Assignment
The line with "500W����ֵ!���򳬱���������G608ͦ��2K��" through the last line of the entries: give these again exactly, and only these, without any pictures.

(Crawled caption data)
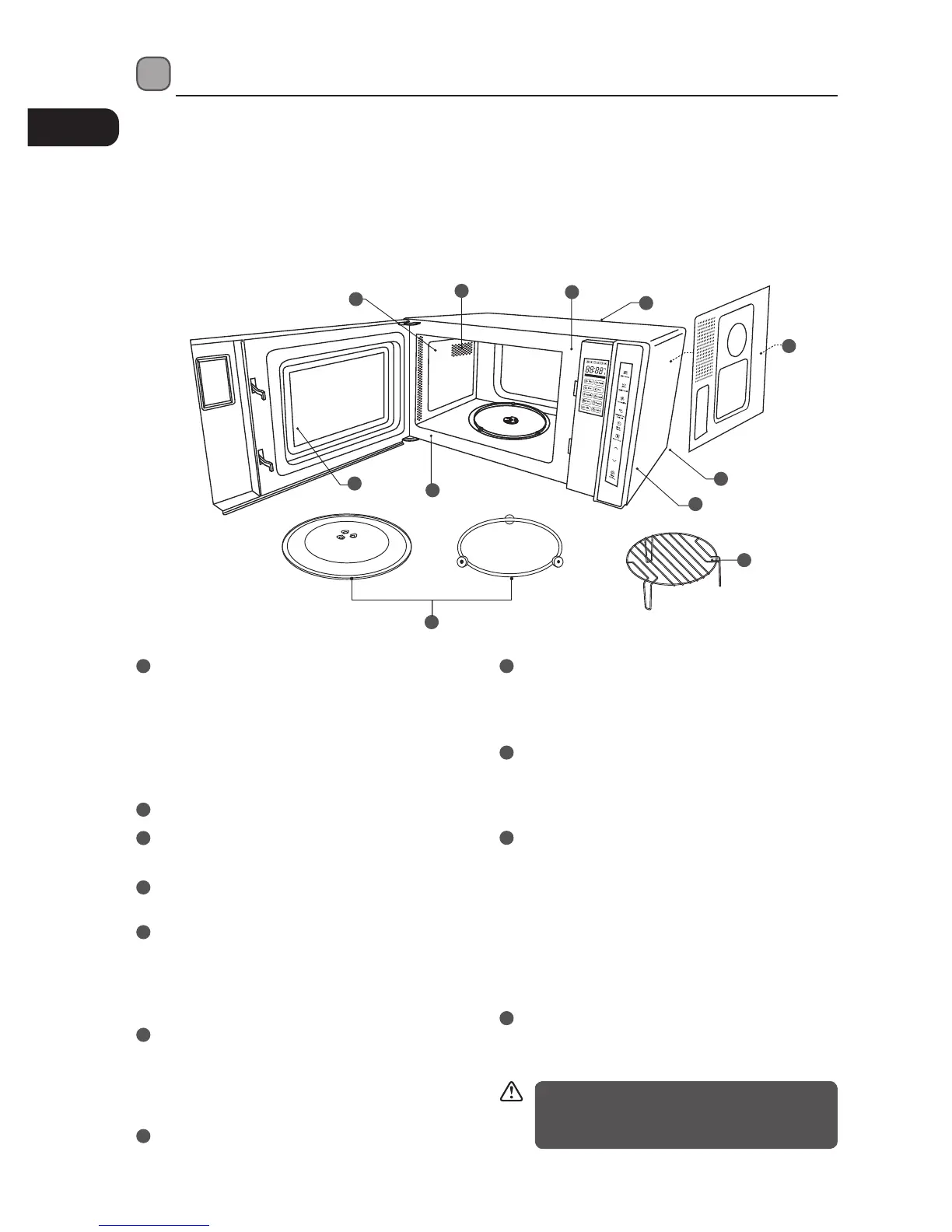 Page #74 background image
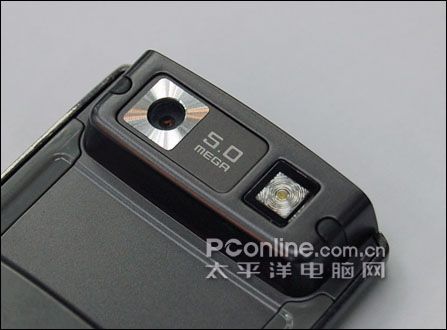 500W����ֵ!���򳬱���������G608ͦ��2K��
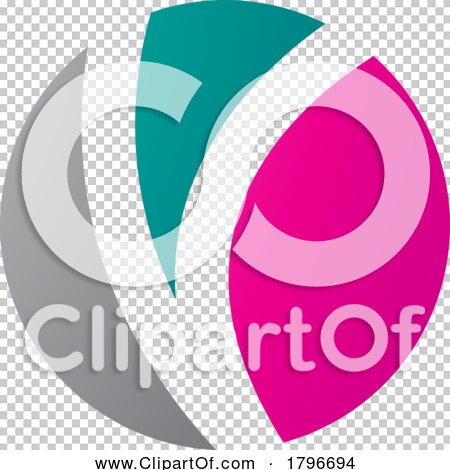 Transparent clip art background preview #COLLC1796694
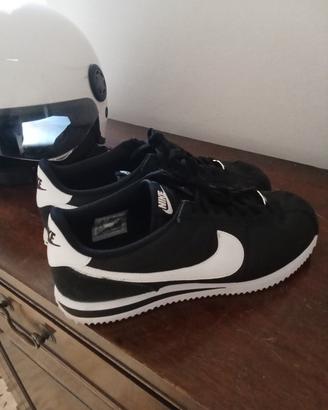 scarpe nike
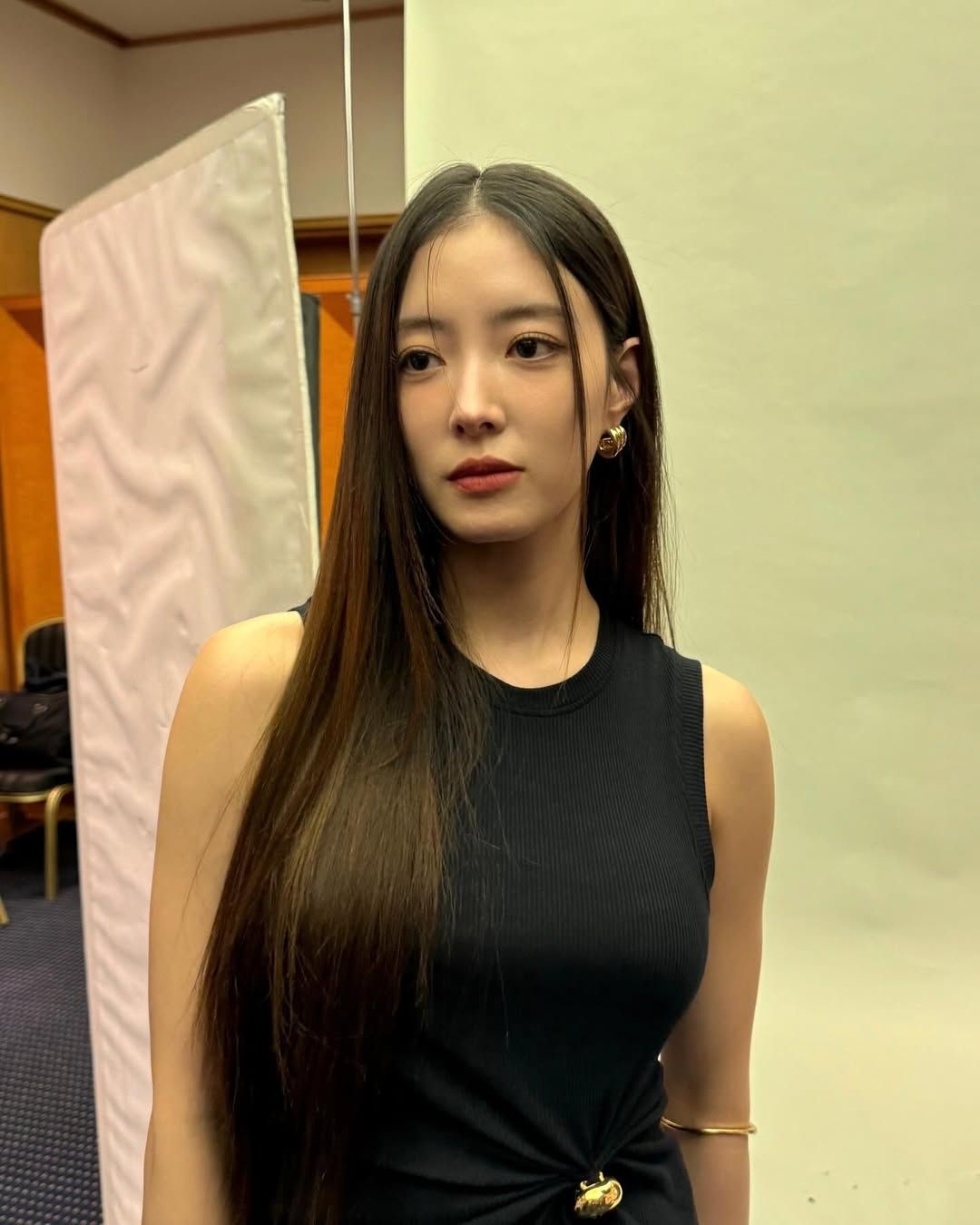 이세영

Result for this task
 500W����ֵ!���򳬱���������G608ͦ��2K��
 Transparent clip art background preview #COLLC1796694
 scarpe nike
 이세영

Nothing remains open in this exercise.